WHAT TO WORK ON:
The lines needed run from the one that contains "300 Prominence Point" through the end of the material below, both included; write them out exactly, with no pictures.

-.-.-

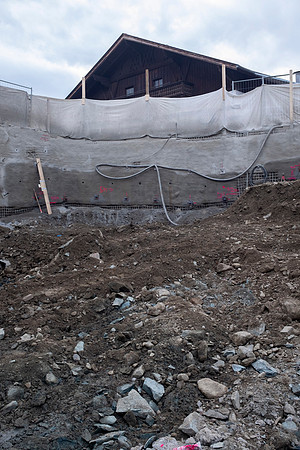 WG-20210311-9206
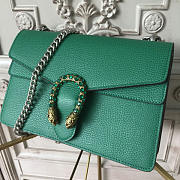 gucci dionysus shoulder bag CohotBag z052 - 3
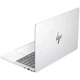 Ноутбук 14" HP EliteBook X G1a (A42XGAV_V3) Silver, AMD Ryzen AI 9 HX PRO 375, 32Gb, 1Tb, Win11P - изображение 6
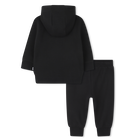 Ensemble de jogging BOSS 
                    GARCON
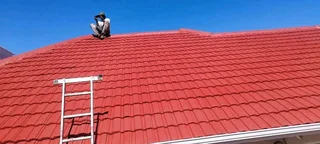 Free quotes renovation roofing paint waterproof coat gutter removal call me 0843372272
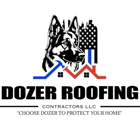 Dozer Roofing Contractors
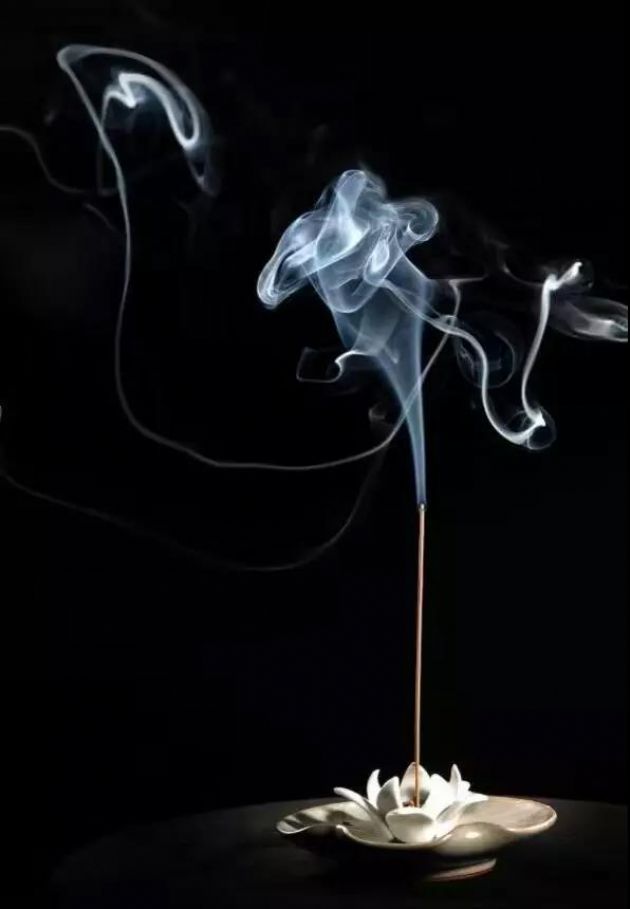 临终是个怎样的过程?有生之年能读到它,就是幸运! 临终是个怎样的过程?有生之年能读到它,就是幸运!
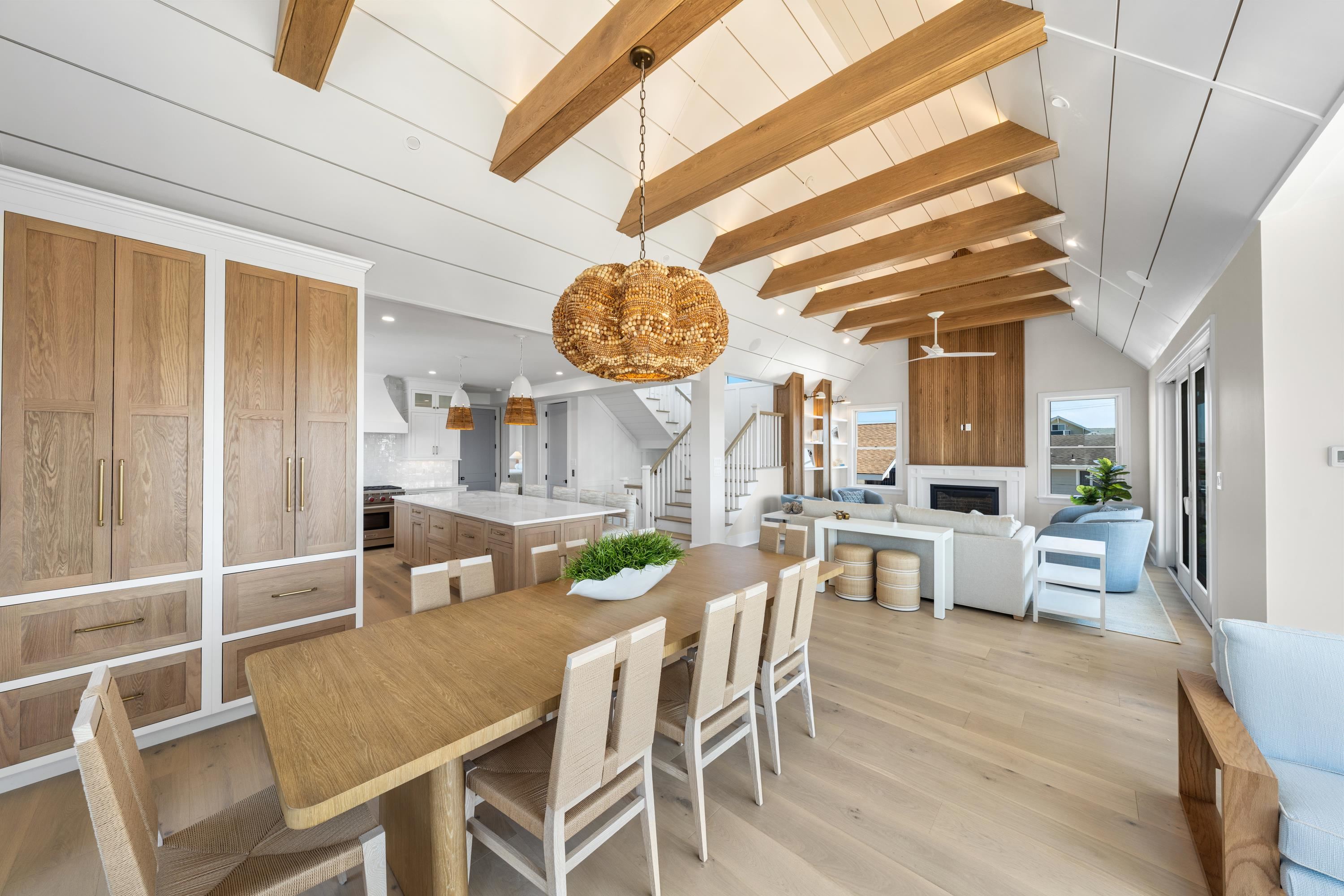 242 83rd Street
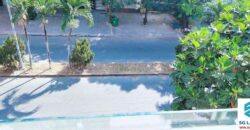 Bán Nhà Khu An Phú An Khánh Quận 2 | Vị Trí Vàng Gần Metro | Kết Cấu Chuẩn Văn Phòng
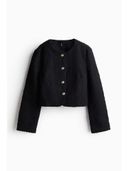 Black color option, Sold out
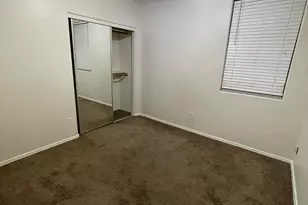 24845 W Dove Trail, Buckeye, AZ 85326 - Photo 11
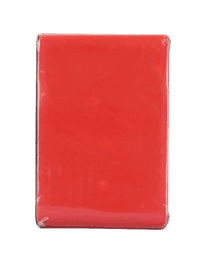 Flexible Aluminum Padded Splint 4-1/2" X 24" - Image 2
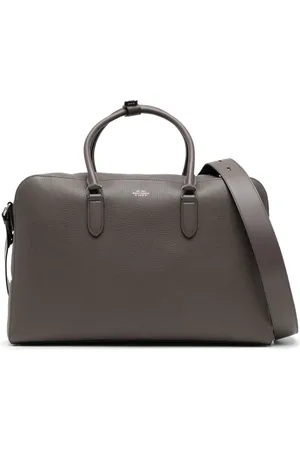 SMYTHSON Bolso Soft Travel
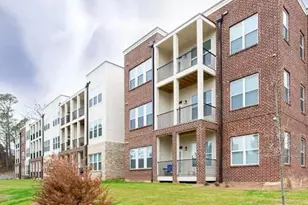 300 Prominence Point Pkwy, Canton, GA 30114 - Photo 17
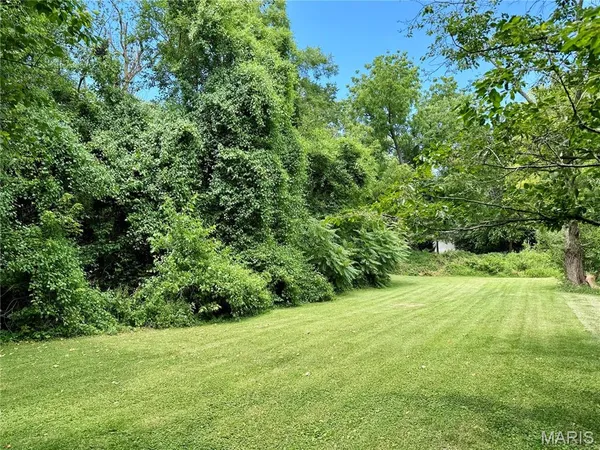 $20,000 | 0 State Route 159 South, Glen Carbon, IL 62034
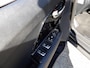 Kia Niro Hybrid 1.6 AUTOMAAT DynamicLine Org. Ned.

-.-.-

WRITTEN ANSWER:
 300 Prominence Point Pkwy, Canton, GA 30114 - Photo 17
 $20,000 | 0 State Route 159 South, Glen Carbon, IL 62034
 Kia Niro Hybrid 1.6 AUTOMAAT DynamicLine Org. Ned.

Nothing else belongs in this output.